Who wants a recipe for cupcakes that are easy to make, delicious, and someeewhattt healthy?
Ever since I made anko pudding way back when, I’ve been itching to incorporate them into my baked goods again. Sunday just seemed like a perfect day to try out a new recipe, and if it didn’t go well.. then my dad is always willing to take them to work and share them with his co-workers who are a lot less judgemental about them than me I suppose.
It also gave me a chance to break out the matcha green tea powder — Is it just me.. do you also get that sudden urge to say something like “ha — matcha.. thank you very matcha!!” … just my non-funny sense of humour..
Green Tea Cupcakes with Anko Filling
~ 12 cupcakes
1 1/2 cups all-purpose flour
1/2 cup melted butter
1/2 cup soy milk
1 cup sugar
1 large egg
1 tsp baking powder
1/8 tsp salt
1 tbsp matcha powder
3/4 cup dried adzuki beans
3/4 cup sugar
1/4 tsp salt
Make the anko ahead of time by cooking adzuki beans according to package directions until soft, and then simmering with sugar and salt until a thick paste is formed.
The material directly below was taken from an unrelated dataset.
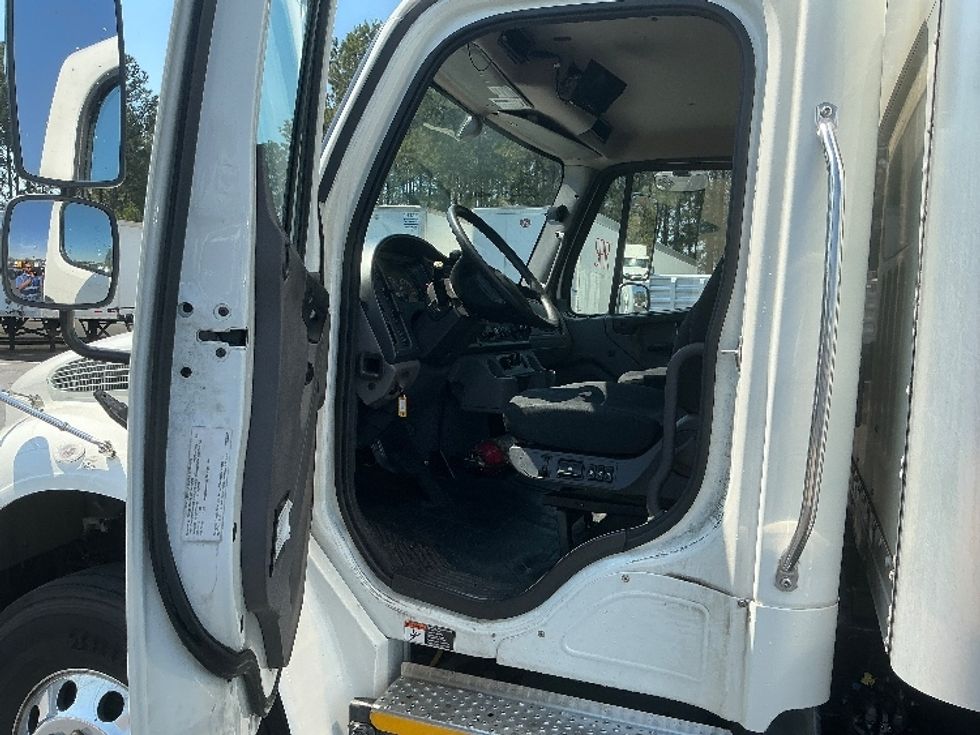 Medium Duty Box Truck-Light and Medium Duty Trucks-Freightliner-2022-M2-Forest Park-GA-308,119\n\t\tmiles-$ 40,500 - Image 16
Store in a sealed container and let chill overnight or until needed.
Mix the butter, sugar, soy milk and egg together in a large bowl.
Mix remaining cupcake ingredients together in a seperate bowl, and slowly add to the wet ingredients while mixing.
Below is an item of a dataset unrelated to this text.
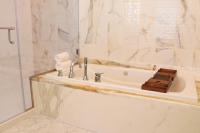 Ein Badezimmer in der Unterkunft Scarlet Pearl Casino Resort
Place paper liners in a cupcake tray, and fill about 1/3 full of batter.
Roll about 1-2 tsp of cold anko into balls, and press gently into centre of batter.
6. Add enough batter to cover the ball of anko (approximately filling 2/3 of the liner).
7. Bake in a 350*F oven for about 20-25 minutes, or until toothpick comes out clean.
I had to taste-test for quality purposes
I’m not sure what the rest of my night has in store, probably not much.. as I should probably get to sleep soon, work week ahead!.. but I have a feeling several more cupcakes will be consumed. Bahahaha.